Activity: The answer must be an exact copy of the entries that follow, with all images removed.

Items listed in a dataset
------------------------------------------------------------------------
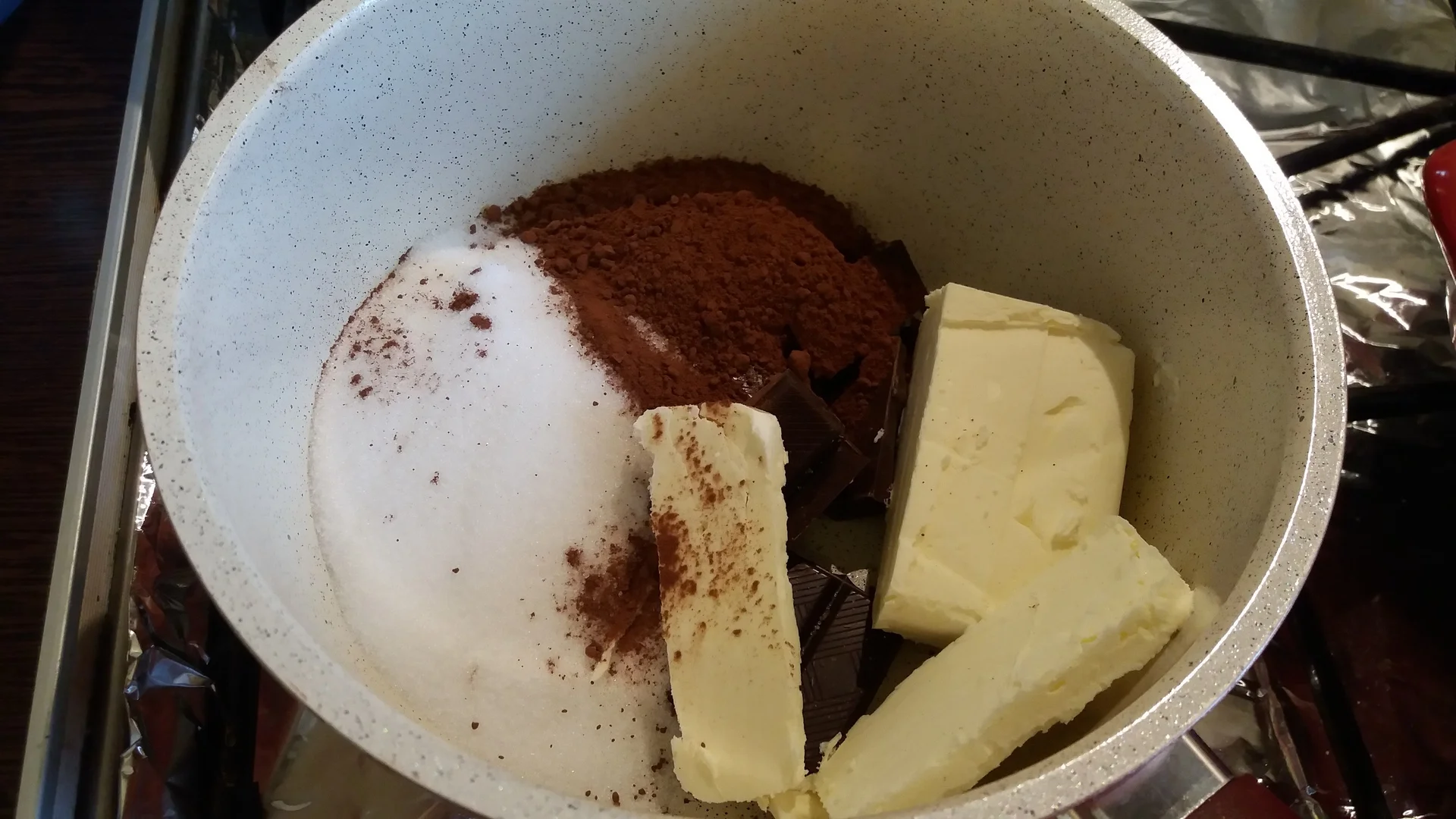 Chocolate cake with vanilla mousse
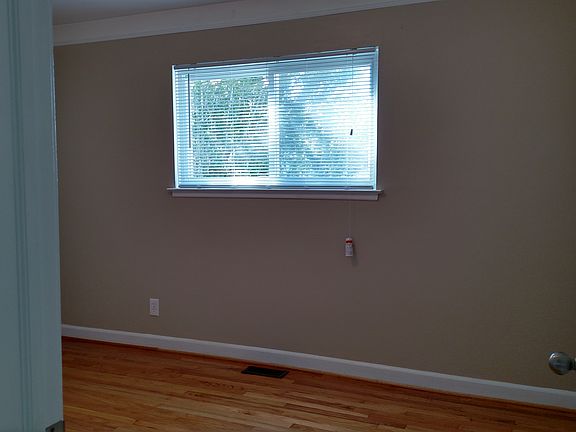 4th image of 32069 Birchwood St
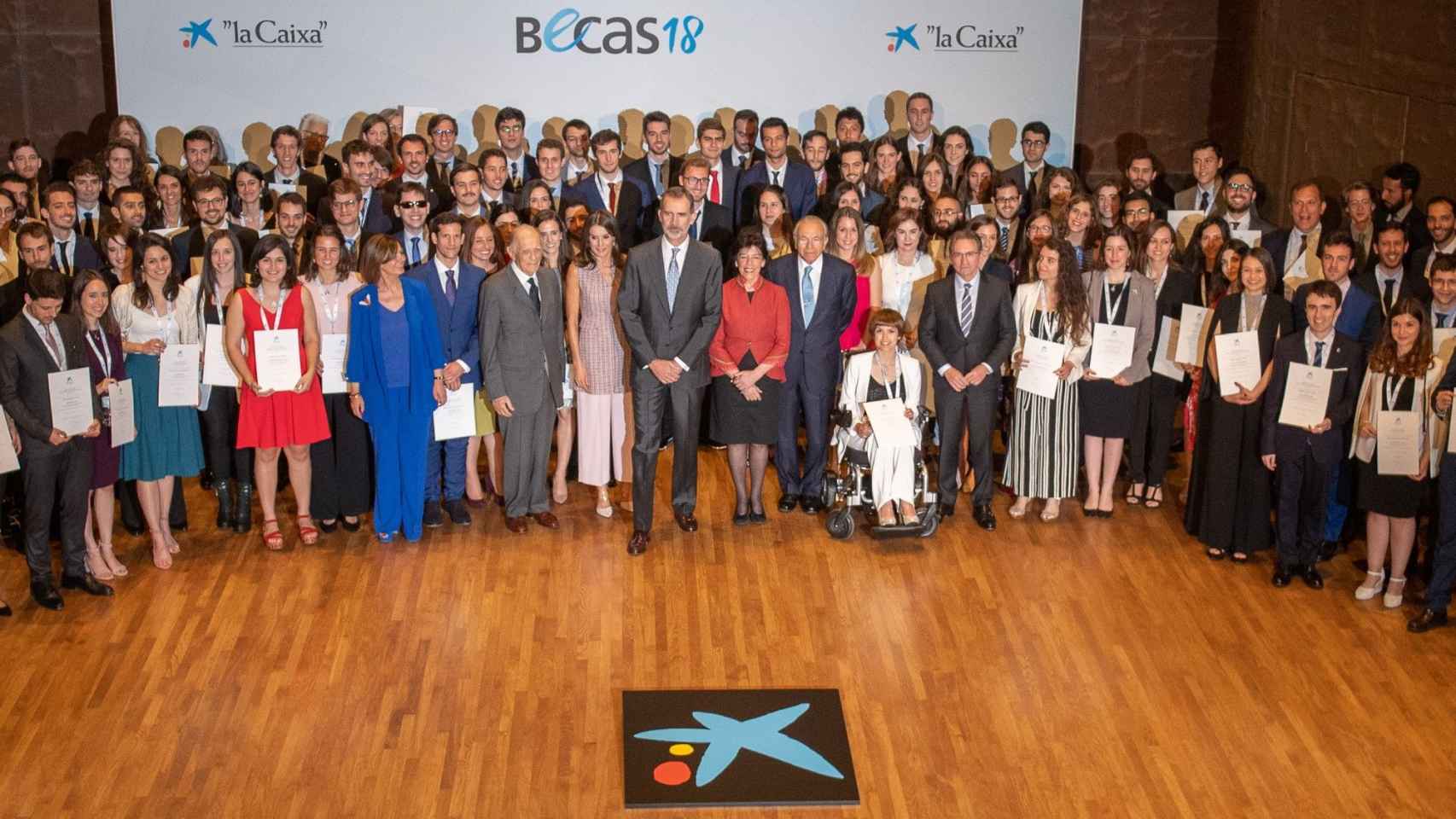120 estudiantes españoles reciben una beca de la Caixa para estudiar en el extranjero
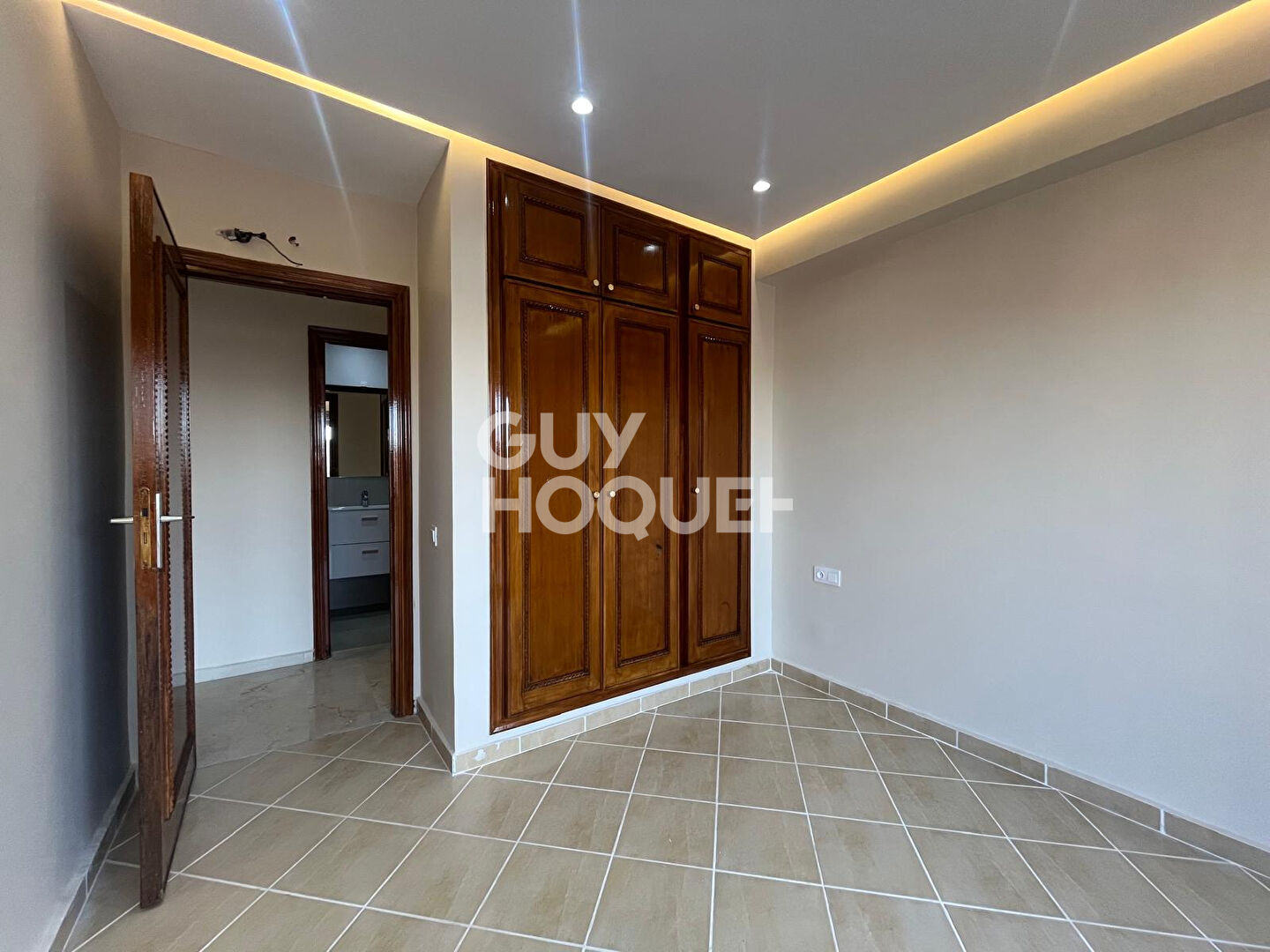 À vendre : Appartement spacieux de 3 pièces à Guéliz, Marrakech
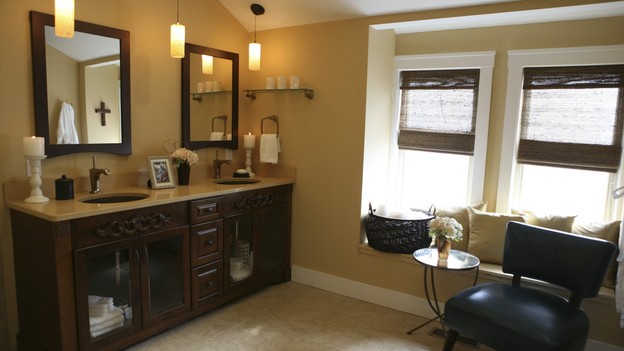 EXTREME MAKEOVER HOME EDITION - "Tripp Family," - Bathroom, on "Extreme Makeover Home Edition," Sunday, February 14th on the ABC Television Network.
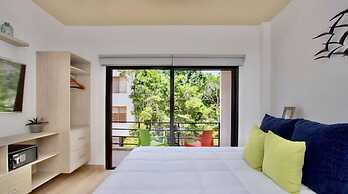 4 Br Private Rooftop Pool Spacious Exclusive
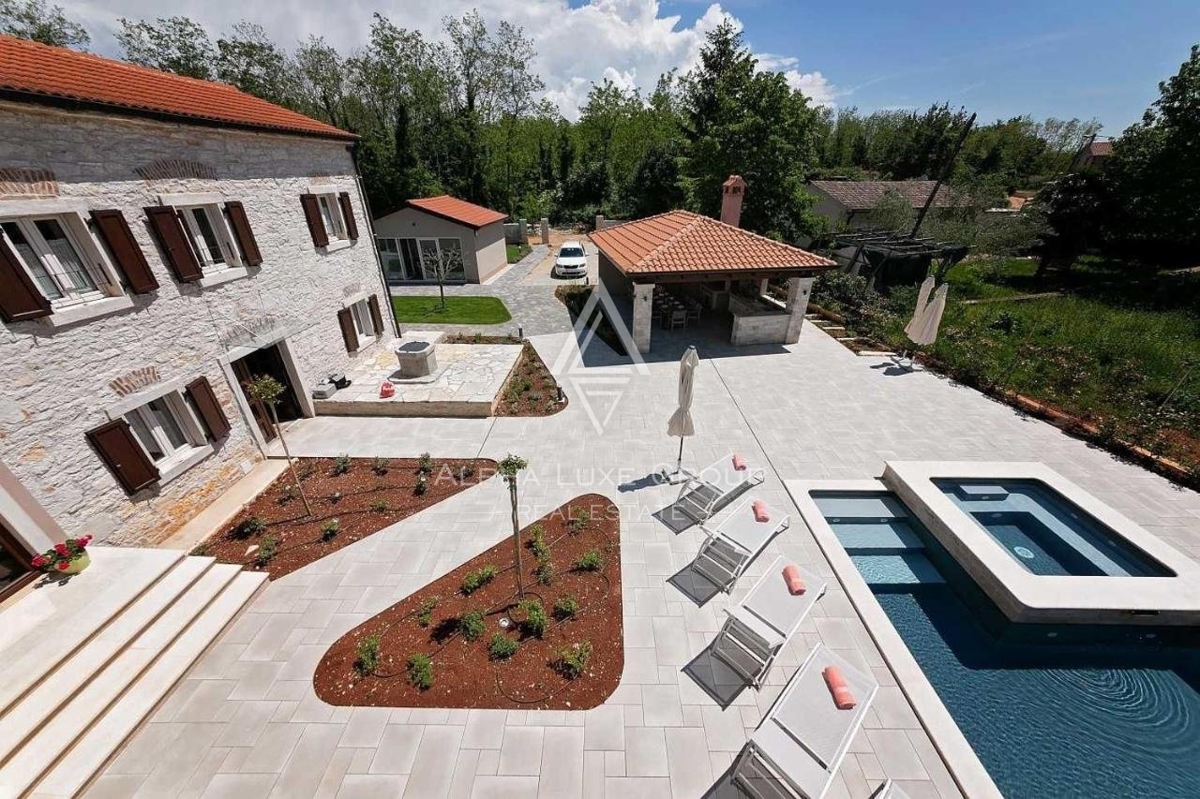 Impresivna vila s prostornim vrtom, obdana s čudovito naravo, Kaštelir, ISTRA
------------------------------------------------------------------------
Written response:
 Chocolate cake with vanilla mousse
 4th image of 32069 Birchwood St
120 estudiantes españoles reciben una beca de la Caixa para estudiar en el extranjero
 À vendre : Appartement spacieux de 3 pièces à Guéliz, Marrakech
 EXTREME MAKEOVER HOME EDITION - "Tripp Family," - Bathroom, on "Extreme Makeover Home Edition," Sunday, February 14th on the ABC Television Network.
 4 Br Private Rooftop Pool Spacious Exclusive
 Impresivna vila s prostornim vrtom, obdana s čudovito naravo, Kaštelir, ISTRA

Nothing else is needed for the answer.